Work item =>
Beginning at the line that contains "Golden goose letizia patchwork jacket", reproduce every line to the end of the material without changing any of them.

········

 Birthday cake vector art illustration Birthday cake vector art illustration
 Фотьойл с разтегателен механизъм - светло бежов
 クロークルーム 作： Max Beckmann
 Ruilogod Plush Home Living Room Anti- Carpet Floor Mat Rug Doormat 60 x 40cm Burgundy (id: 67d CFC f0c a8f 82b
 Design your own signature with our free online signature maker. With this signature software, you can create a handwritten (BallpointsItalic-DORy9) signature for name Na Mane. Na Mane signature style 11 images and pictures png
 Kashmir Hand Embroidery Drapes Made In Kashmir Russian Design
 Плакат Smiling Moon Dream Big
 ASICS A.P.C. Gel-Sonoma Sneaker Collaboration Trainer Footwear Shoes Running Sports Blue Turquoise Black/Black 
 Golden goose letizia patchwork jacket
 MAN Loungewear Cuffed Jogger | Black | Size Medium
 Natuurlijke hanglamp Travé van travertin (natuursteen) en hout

········

Exercise answer =>
 Golden goose letizia patchwork jacket
 MAN Loungewear Cuffed Jogger | Black | Size Medium
 Natuurlijke hanglamp Travé van travertin (natuursteen) en hout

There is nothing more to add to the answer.